:: Supplied entries ::
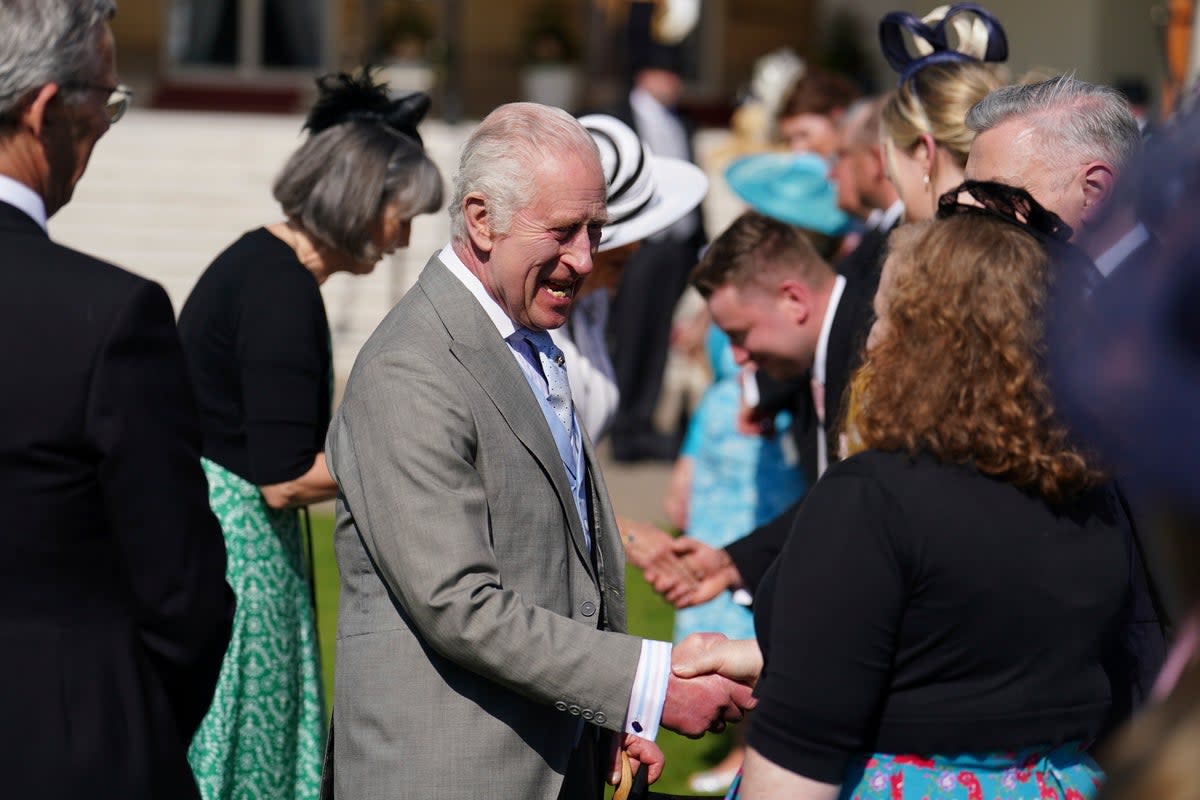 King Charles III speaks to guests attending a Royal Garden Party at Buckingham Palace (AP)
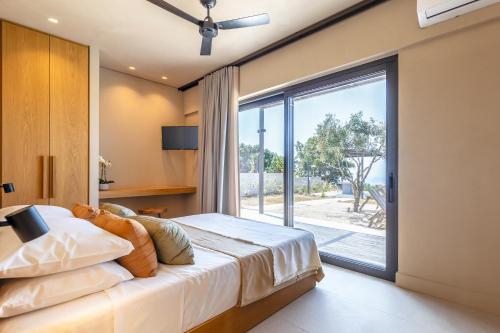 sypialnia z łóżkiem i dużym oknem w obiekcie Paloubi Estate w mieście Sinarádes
:::
:: Supplied entries ::
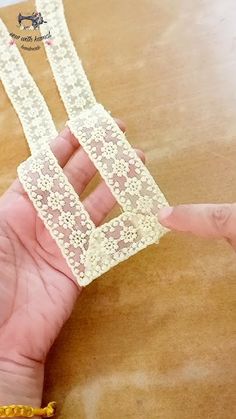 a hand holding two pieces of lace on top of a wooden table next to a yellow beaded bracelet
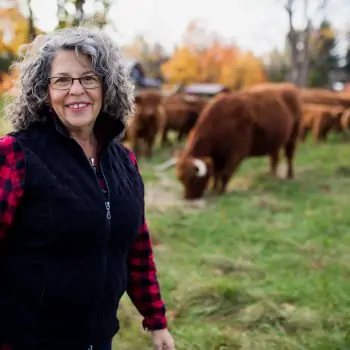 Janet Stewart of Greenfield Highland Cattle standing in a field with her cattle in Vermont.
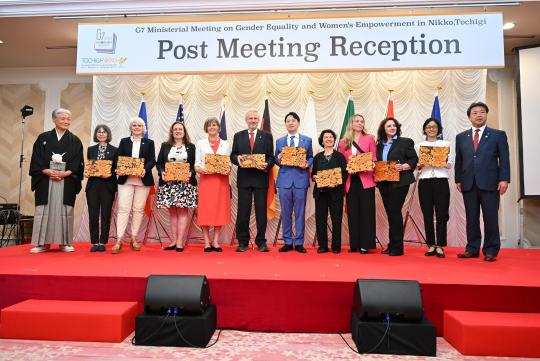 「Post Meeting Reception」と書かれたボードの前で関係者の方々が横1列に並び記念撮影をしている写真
:::
Exercise: Set down exactly the lines above, from the line containing "King Charles III" through the line containing "sypialnia z łóżkiem". Skip the pictures.

Output for this task:
 King Charles III speaks to guests attending a Royal Garden Party at Buckingham Palace (AP)
 sypialnia z łóżkiem i dużym oknem w obiekcie Paloubi Estate w mieście Sinarádes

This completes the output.